--- START ---

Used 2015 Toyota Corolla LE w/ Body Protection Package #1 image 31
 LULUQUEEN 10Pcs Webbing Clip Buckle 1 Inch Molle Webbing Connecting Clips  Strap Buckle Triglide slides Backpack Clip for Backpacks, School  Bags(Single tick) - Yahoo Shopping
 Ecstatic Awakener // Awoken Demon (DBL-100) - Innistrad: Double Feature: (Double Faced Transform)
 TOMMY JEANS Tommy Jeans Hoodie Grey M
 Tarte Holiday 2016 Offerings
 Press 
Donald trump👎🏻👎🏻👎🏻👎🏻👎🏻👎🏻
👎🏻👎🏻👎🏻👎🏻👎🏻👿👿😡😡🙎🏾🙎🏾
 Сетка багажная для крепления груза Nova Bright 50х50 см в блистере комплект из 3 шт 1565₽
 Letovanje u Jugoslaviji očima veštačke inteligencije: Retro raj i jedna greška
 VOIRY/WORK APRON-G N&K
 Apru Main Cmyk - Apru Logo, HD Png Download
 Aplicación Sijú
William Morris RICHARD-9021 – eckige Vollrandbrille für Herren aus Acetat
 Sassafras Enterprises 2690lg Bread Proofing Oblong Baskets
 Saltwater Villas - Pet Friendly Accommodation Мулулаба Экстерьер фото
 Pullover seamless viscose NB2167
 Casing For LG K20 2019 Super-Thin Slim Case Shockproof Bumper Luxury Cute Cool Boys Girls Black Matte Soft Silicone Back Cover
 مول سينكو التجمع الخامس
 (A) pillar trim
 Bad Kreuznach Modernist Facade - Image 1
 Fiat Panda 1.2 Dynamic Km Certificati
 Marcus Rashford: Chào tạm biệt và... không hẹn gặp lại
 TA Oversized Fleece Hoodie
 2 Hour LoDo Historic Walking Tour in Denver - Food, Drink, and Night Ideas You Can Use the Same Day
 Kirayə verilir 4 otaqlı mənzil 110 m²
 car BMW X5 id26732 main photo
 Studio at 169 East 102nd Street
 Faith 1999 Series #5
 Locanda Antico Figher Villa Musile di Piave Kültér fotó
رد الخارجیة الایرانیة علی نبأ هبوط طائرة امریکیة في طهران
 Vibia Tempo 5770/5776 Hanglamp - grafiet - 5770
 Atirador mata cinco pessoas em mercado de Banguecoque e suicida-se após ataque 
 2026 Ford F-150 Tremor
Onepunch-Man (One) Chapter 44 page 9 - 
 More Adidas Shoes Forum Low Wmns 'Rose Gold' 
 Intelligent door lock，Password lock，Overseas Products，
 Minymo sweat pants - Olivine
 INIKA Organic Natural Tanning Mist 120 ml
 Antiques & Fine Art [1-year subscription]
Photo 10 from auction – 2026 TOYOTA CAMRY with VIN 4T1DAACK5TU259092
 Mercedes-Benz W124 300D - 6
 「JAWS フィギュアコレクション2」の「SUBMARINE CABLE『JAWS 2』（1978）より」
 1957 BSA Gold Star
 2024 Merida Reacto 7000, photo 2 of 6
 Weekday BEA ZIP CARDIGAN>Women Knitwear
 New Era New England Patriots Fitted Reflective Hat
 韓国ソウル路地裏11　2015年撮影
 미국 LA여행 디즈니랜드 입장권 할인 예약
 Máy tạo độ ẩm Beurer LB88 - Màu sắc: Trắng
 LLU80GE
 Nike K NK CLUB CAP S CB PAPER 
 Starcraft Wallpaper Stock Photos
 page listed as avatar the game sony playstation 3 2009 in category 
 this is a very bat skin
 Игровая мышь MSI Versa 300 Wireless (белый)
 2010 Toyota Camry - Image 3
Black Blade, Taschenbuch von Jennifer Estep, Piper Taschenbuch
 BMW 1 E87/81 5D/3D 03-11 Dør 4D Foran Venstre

--- END ---

### TO DO
Would you output all of the material exactly as it reads?

### REPLY
Used 2015 Toyota Corolla LE w/ Body Protection Package #1 image 31
 LULUQUEEN 10Pcs Webbing Clip Buckle 1 Inch Molle Webbing Connecting Clips  Strap Buckle Triglide slides Backpack Clip for Backpacks, School  Bags(Single tick) - Yahoo Shopping
 Ecstatic Awakener // Awoken Demon (DBL-100) - Innistrad: Double Feature: (Double Faced Transform)
 TOMMY JEANS Tommy Jeans Hoodie Grey M
 Tarte Holiday 2016 Offerings
 Press 
Donald trump👎🏻👎🏻👎🏻👎🏻👎🏻👎🏻
👎🏻👎🏻👎🏻👎🏻👎🏻👿👿😡😡🙎🏾🙎🏾
 Сетка багажная для крепления груза Nova Bright 50х50 см в блистере комплект из 3 шт 1565₽
 Letovanje u Jugoslaviji očima veštačke inteligencije: Retro raj i jedna greška
 VOIRY/WORK APRON-G N&K
 Apru Main Cmyk - Apru Logo, HD Png Download
 Aplicación Sijú
William Morris RICHARD-9021 – eckige Vollrandbrille für Herren aus Acetat
 Sassafras Enterprises 2690lg Bread Proofing Oblong Baskets
 Saltwater Villas - Pet Friendly Accommodation Мулулаба Экстерьер фото
 Pullover seamless viscose NB2167
 Casing For LG K20 2019 Super-Thin Slim Case Shockproof Bumper Luxury Cute Cool Boys Girls Black Matte Soft Silicone Back Cover
 مول سينكو التجمع الخامس
 (A) pillar trim
 Bad Kreuznach Modernist Facade - Image 1
 Fiat Panda 1.2 Dynamic Km Certificati
 Marcus Rashford: Chào tạm biệt và... không hẹn gặp lại
 TA Oversized Fleece Hoodie
 2 Hour LoDo Historic Walking Tour in Denver - Food, Drink, and Night Ideas You Can Use the Same Day
 Kirayə verilir 4 otaqlı mənzil 110 m²
 car BMW X5 id26732 main photo
 Studio at 169 East 102nd Street
 Faith 1999 Series #5
 Locanda Antico Figher Villa Musile di Piave Kültér fotó
رد الخارجیة الایرانیة علی نبأ هبوط طائرة امریکیة في طهران
 Vibia Tempo 5770/5776 Hanglamp - grafiet - 5770
 Atirador mata cinco pessoas em mercado de Banguecoque e suicida-se após ataque 
 2026 Ford F-150 Tremor
Onepunch-Man (One) Chapter 44 page 9 - 
 More Adidas Shoes Forum Low Wmns 'Rose Gold' 
 Intelligent door lock，Password lock，Overseas Products，
 Minymo sweat pants - Olivine
 INIKA Organic Natural Tanning Mist 120 ml
 Antiques & Fine Art [1-year subscription]
Photo 10 from auction – 2026 TOYOTA CAMRY with VIN 4T1DAACK5TU259092
 Mercedes-Benz W124 300D - 6
 「JAWS フィギュアコレクション2」の「SUBMARINE CABLE『JAWS 2』（1978）より」
 1957 BSA Gold Star
 2024 Merida Reacto 7000, photo 2 of 6
 Weekday BEA ZIP CARDIGAN>Women Knitwear
 New Era New England Patriots Fitted Reflective Hat
 韓国ソウル路地裏11　2015年撮影
 미국 LA여행 디즈니랜드 입장권 할인 예약
 Máy tạo độ ẩm Beurer LB88 - Màu sắc: Trắng
 LLU80GE
 Nike K NK CLUB CAP S CB PAPER 
 Starcraft Wallpaper Stock Photos
 page listed as avatar the game sony playstation 3 2009 in category 
 this is a very bat skin
 Игровая мышь MSI Versa 300 Wireless (белый)
 2010 Toyota Camry - Image 3
Black Blade, Taschenbuch von Jennifer Estep, Piper Taschenbuch
 BMW 1 E87/81 5D/3D 03-11 Dør 4D Foran Venstre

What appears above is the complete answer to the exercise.